**DATA BLOCK**

════════════════════

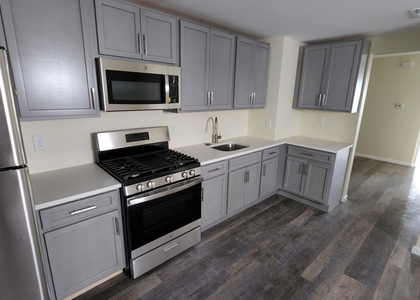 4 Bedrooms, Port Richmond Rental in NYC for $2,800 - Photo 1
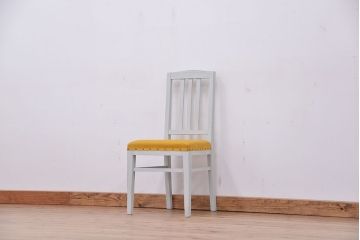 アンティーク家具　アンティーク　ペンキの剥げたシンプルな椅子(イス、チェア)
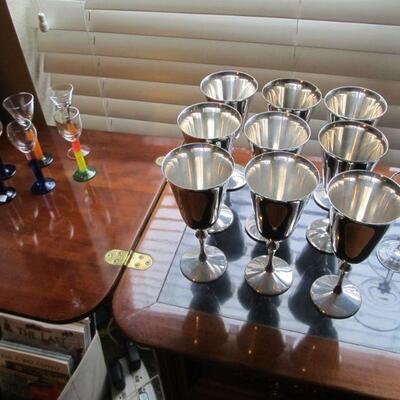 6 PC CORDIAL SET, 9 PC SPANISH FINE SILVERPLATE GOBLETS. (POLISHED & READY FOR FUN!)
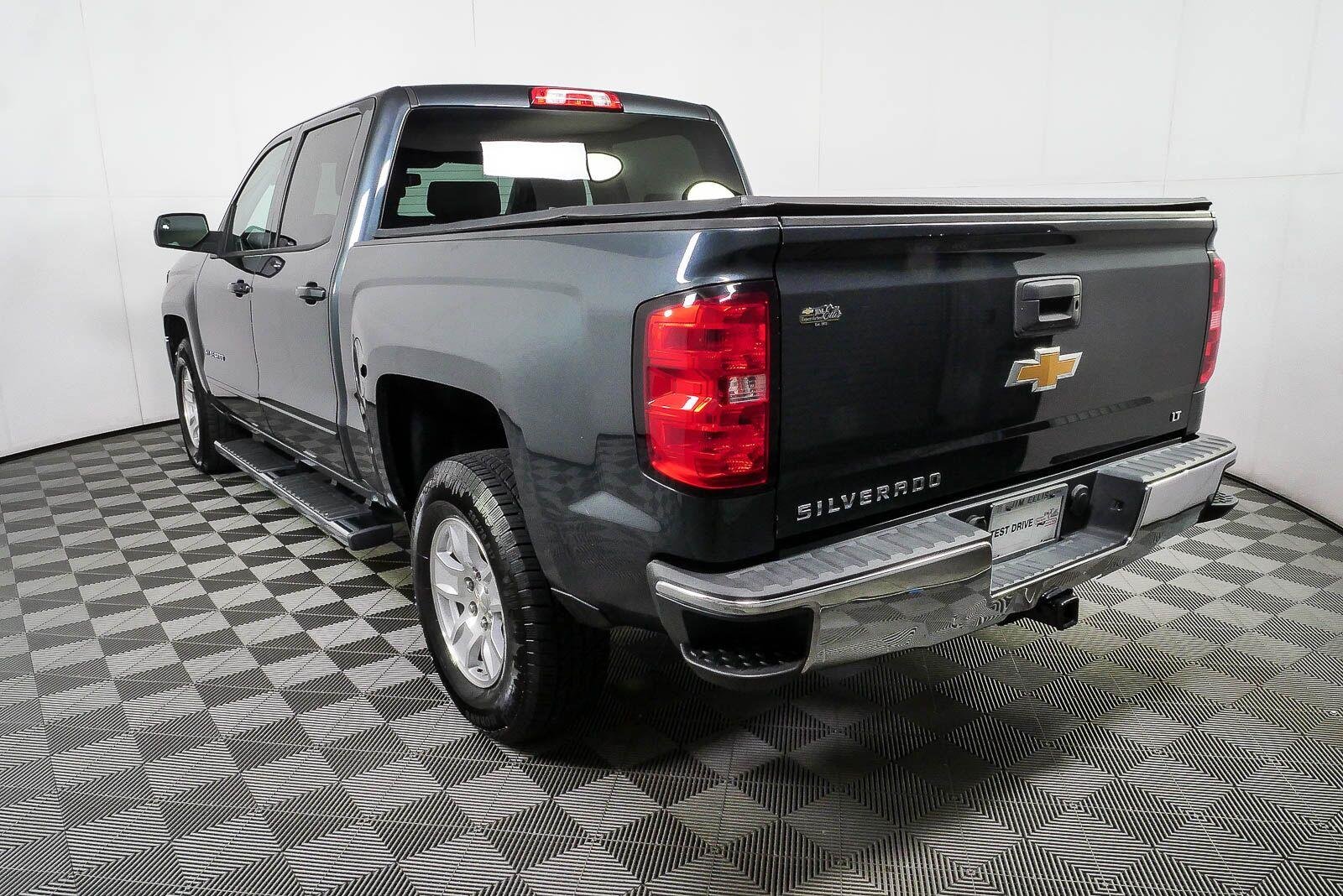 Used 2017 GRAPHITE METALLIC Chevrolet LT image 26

════════════════════

**ASSIGNMENT**
Please reproduce verbatim the lines from the line with "アンティーク家具　アンティーク　ペンキの剥げたシンプルな椅子(イス、チェア)" through the final line of the listing, inclusive of both ends. Omit all pictures.

**SOLUTION FOR THIS EXERCISE**
 アンティーク家具　アンティーク　ペンキの剥げたシンプルな椅子(イス、チェア)
 6 PC CORDIAL SET, 9 PC SPANISH FINE SILVERPLATE GOBLETS. (POLISHED & READY FOR FUN!)
 Used 2017 GRAPHITE METALLIC Chevrolet LT image 26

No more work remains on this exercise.